§ **PROVIDED MATERIAL**
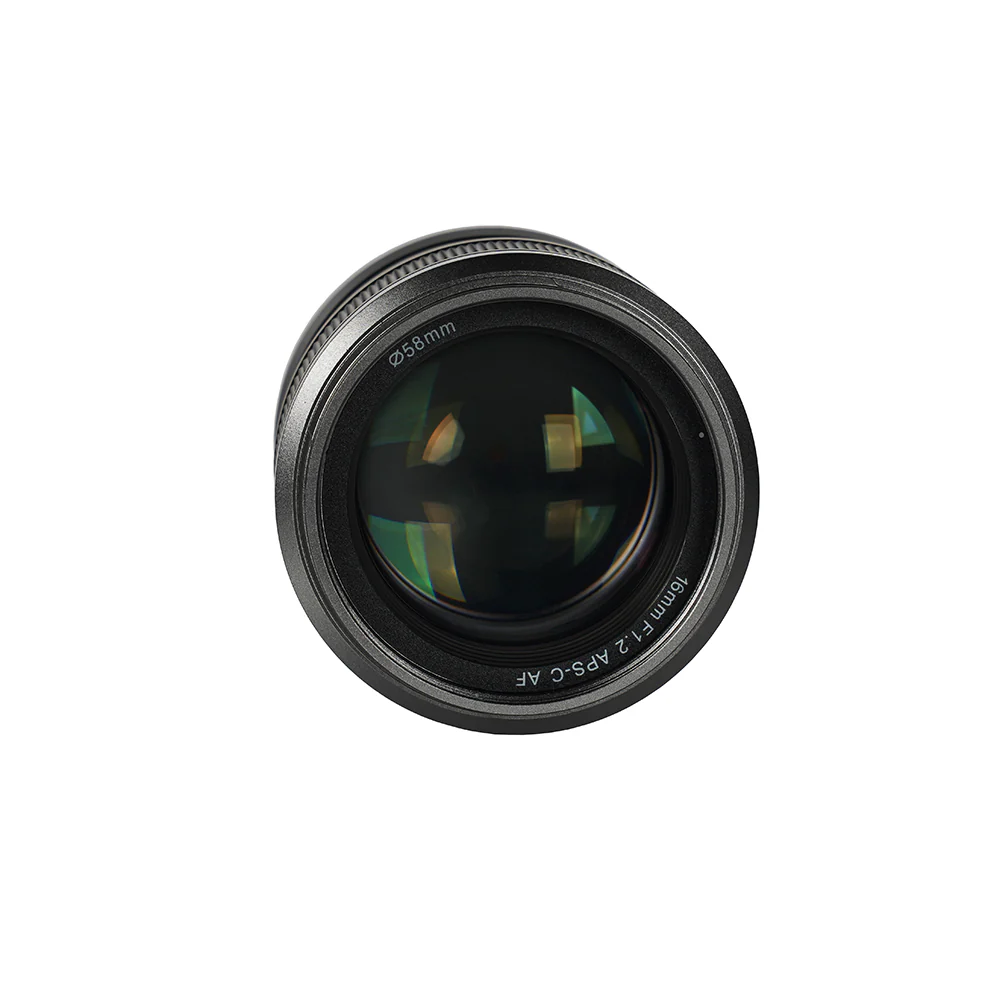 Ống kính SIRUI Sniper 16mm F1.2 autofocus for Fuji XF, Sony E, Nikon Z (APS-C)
---
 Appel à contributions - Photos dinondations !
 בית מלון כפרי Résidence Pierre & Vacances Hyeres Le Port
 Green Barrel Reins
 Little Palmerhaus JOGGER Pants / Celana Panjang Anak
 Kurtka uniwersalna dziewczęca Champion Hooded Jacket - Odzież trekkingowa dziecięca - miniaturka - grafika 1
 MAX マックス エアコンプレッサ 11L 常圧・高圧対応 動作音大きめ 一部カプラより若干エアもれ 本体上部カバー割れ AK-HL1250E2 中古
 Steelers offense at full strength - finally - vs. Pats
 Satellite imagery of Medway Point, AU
---
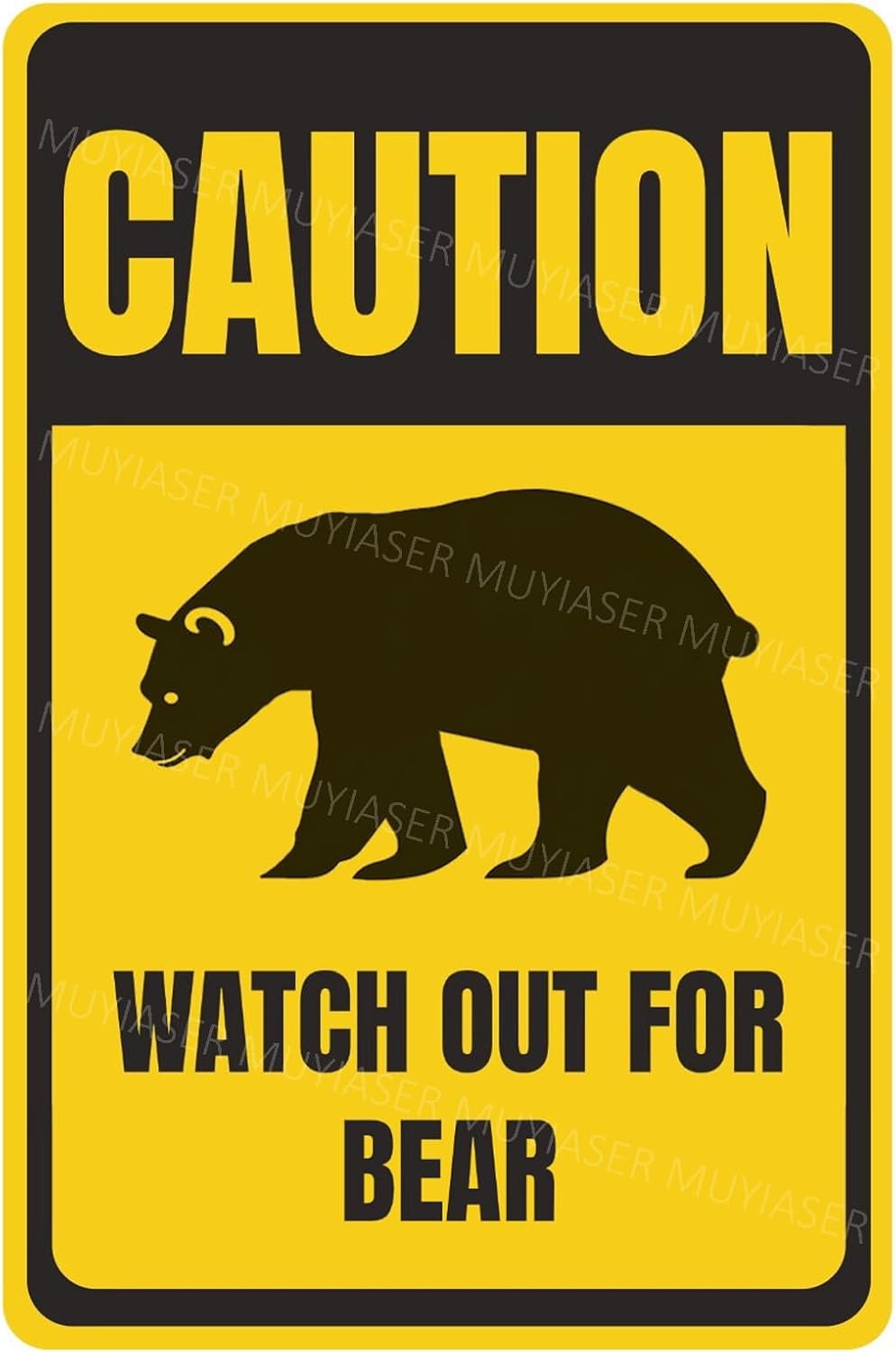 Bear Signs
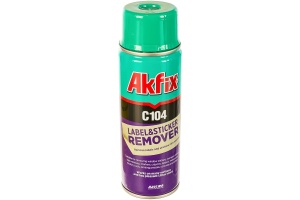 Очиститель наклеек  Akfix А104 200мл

§ **EXERCISE BRIEF**
Copy out the lines above exactly, beginning at the one that contains "Little Palmerhaus JOGGER" and ending at the one that contains "Satellite imagery of Medway Point, AU".

§ **YOUR SOLUTION**
 Little Palmerhaus JOGGER Pants / Celana Panjang Anak
 Kurtka uniwersalna dziewczęca Champion Hooded Jacket - Odzież trekkingowa dziecięca - miniaturka - grafika 1
 MAX マックス エアコンプレッサ 11L 常圧・高圧対応 動作音大きめ 一部カプラより若干エアもれ 本体上部カバー割れ AK-HL1250E2 中古
 Steelers offense at full strength - finally - vs. Pats
 Satellite imagery of Medway Point, AU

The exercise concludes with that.